_What the exercise asks:_ Transcribe the records below exactly as they appear.

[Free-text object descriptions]
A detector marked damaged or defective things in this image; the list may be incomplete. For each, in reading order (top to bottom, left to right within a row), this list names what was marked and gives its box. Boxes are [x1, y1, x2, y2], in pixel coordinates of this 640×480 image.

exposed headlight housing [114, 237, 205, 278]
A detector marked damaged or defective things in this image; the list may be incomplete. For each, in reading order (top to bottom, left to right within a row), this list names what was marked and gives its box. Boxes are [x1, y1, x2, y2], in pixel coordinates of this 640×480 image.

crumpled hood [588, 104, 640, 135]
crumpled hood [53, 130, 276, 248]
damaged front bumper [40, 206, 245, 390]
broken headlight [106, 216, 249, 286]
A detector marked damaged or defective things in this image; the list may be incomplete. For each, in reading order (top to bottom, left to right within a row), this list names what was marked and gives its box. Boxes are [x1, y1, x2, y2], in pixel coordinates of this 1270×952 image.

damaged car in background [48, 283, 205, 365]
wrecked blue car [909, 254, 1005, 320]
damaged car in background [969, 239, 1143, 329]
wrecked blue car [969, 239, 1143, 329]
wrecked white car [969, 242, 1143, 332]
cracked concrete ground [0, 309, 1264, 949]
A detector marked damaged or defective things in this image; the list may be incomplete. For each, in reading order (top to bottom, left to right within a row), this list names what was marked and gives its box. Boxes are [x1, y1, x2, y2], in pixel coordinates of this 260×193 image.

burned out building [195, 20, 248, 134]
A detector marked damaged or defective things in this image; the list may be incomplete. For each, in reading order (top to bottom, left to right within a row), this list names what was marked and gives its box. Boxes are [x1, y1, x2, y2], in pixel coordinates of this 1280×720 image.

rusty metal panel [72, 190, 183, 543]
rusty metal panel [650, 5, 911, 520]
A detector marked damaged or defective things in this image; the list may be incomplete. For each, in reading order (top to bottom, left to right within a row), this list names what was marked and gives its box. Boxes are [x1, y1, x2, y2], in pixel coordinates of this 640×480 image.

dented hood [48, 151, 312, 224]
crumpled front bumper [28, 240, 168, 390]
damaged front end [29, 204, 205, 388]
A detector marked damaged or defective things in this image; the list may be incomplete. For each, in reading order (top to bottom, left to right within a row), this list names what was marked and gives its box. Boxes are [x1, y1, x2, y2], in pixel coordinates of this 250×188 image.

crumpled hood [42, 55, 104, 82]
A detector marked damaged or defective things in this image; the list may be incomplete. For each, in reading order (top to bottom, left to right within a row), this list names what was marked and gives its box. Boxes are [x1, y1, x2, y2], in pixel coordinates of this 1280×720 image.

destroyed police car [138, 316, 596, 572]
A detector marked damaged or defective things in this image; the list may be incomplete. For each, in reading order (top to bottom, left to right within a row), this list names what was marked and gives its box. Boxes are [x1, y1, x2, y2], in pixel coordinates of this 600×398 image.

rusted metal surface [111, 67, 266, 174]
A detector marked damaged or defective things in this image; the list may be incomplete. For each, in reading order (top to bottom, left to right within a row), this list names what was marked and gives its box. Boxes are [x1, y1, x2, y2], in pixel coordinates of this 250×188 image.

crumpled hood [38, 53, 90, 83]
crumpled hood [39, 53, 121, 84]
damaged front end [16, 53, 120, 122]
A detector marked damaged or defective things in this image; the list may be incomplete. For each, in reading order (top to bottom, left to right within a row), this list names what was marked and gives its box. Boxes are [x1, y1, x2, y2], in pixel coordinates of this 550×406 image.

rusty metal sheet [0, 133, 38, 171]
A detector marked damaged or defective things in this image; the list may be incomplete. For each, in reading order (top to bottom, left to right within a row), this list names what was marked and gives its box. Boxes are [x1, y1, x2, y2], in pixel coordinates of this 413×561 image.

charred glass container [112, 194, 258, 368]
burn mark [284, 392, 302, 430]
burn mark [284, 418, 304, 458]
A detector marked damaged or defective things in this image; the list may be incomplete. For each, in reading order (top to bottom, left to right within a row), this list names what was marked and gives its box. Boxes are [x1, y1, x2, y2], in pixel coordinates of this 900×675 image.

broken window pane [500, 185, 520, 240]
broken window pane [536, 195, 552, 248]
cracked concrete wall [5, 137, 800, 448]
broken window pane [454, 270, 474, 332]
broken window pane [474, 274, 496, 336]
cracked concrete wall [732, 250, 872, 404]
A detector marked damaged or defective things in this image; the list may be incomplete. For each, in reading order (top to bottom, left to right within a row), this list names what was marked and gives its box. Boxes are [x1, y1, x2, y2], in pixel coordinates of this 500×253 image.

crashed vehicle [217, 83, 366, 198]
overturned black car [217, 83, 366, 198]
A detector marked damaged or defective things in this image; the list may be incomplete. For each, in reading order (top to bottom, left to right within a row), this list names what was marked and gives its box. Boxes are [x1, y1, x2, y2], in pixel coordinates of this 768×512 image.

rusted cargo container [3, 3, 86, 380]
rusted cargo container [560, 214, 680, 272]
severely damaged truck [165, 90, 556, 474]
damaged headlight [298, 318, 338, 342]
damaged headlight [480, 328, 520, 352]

_Response to the exercise:_
A detector marked damaged or defective things in this image; the list may be incomplete. For each, in reading order (top to bottom, left to right within a row), this list names what was marked and gives its box. Boxes are [x1, y1, x2, y2], in pixel coordinates of this 640×480 image.

exposed headlight housing [114, 237, 205, 278]
A detector marked damaged or defective things in this image; the list may be incomplete. For each, in reading order (top to bottom, left to right within a row), this list names what was marked and gives its box. Boxes are [x1, y1, x2, y2], in pixel coordinates of this 640×480 image.

crumpled hood [588, 104, 640, 135]
crumpled hood [53, 130, 276, 248]
damaged front bumper [40, 206, 245, 390]
broken headlight [106, 216, 249, 286]
A detector marked damaged or defective things in this image; the list may be incomplete. For each, in reading order (top to bottom, left to right within a row), this list names what was marked and gives its box. Boxes are [x1, y1, x2, y2], in pixel coordinates of this 1270×952 image.

damaged car in background [48, 283, 205, 365]
wrecked blue car [909, 254, 1005, 320]
damaged car in background [969, 239, 1143, 329]
wrecked blue car [969, 239, 1143, 329]
wrecked white car [969, 242, 1143, 332]
cracked concrete ground [0, 309, 1264, 949]
A detector marked damaged or defective things in this image; the list may be incomplete. For each, in reading order (top to bottom, left to right within a row), this list names what was marked and gives its box. Boxes are [x1, y1, x2, y2], in pixel coordinates of this 260×193 image.

burned out building [195, 20, 248, 134]
A detector marked damaged or defective things in this image; the list may be incomplete. For each, in reading order (top to bottom, left to right within a row), this list names what was marked and gives its box. Boxes are [x1, y1, x2, y2], in pixel coordinates of this 1280×720 image.

rusty metal panel [72, 190, 183, 543]
rusty metal panel [650, 5, 911, 520]
A detector marked damaged or defective things in this image; the list may be incomplete. For each, in reading order (top to bottom, left to right within a row), this list names what was marked and gives its box. Boxes are [x1, y1, x2, y2], in pixel coordinates of this 640×480 image.

dented hood [48, 151, 312, 224]
crumpled front bumper [28, 240, 168, 390]
damaged front end [29, 204, 205, 388]
A detector marked damaged or defective things in this image; the list may be incomplete. For each, in reading order (top to bottom, left to right within a row), this list names what was marked and gives its box. Boxes are [x1, y1, x2, y2], in pixel coordinates of this 250×188 image.

crumpled hood [42, 55, 104, 82]
A detector marked damaged or defective things in this image; the list may be incomplete. For each, in reading order (top to bottom, left to right within a row), this list names what was marked and gives its box. Boxes are [x1, y1, x2, y2], in pixel coordinates of this 1280×720 image.

destroyed police car [138, 316, 596, 572]
A detector marked damaged or defective things in this image; the list may be incomplete. For each, in reading order (top to bottom, left to right within a row), this list names what was marked and gives its box. Boxes are [x1, y1, x2, y2], in pixel coordinates of this 600×398 image.

rusted metal surface [111, 67, 266, 174]
A detector marked damaged or defective things in this image; the list may be incomplete. For each, in reading order (top to bottom, left to right within a row), this list names what was marked and gives its box. Boxes are [x1, y1, x2, y2], in pixel coordinates of this 250×188 image.

crumpled hood [38, 53, 90, 83]
crumpled hood [39, 53, 121, 84]
damaged front end [16, 53, 120, 122]
A detector marked damaged or defective things in this image; the list may be incomplete. For each, in reading order (top to bottom, left to right within a row), this list names what was marked and gives its box. Boxes are [x1, y1, x2, y2], in pixel coordinates of this 550×406 image.

rusty metal sheet [0, 133, 38, 171]
A detector marked damaged or defective things in this image; the list may be incomplete. For each, in reading order (top to bottom, left to right within a row), this list names what was marked and gives its box. Boxes are [x1, y1, x2, y2], in pixel coordinates of this 413×561 image.

charred glass container [112, 194, 258, 368]
burn mark [284, 392, 302, 430]
burn mark [284, 418, 304, 458]
A detector marked damaged or defective things in this image; the list may be incomplete. For each, in reading order (top to bottom, left to right within a row), this list names what was marked and gives its box. Boxes are [x1, y1, x2, y2], in pixel coordinates of this 900×675 image.

broken window pane [500, 185, 520, 240]
broken window pane [536, 195, 552, 248]
cracked concrete wall [5, 137, 800, 448]
broken window pane [454, 270, 474, 332]
broken window pane [474, 274, 496, 336]
cracked concrete wall [732, 250, 872, 404]
A detector marked damaged or defective things in this image; the list may be incomplete. For each, in reading order (top to bottom, left to right within a row), this list names what was marked and gives its box. Boxes are [x1, y1, x2, y2], in pixel coordinates of this 500×253 image.

crashed vehicle [217, 83, 366, 198]
overturned black car [217, 83, 366, 198]
A detector marked damaged or defective things in this image; the list may be incomplete. For each, in reading order (top to bottom, left to right within a row), this list names what was marked and gives its box. Boxes are [x1, y1, x2, y2], in pixel coordinates of this 768×512 image.

rusted cargo container [3, 3, 86, 380]
rusted cargo container [560, 214, 680, 272]
severely damaged truck [165, 90, 556, 474]
damaged headlight [298, 318, 338, 342]
damaged headlight [480, 328, 520, 352]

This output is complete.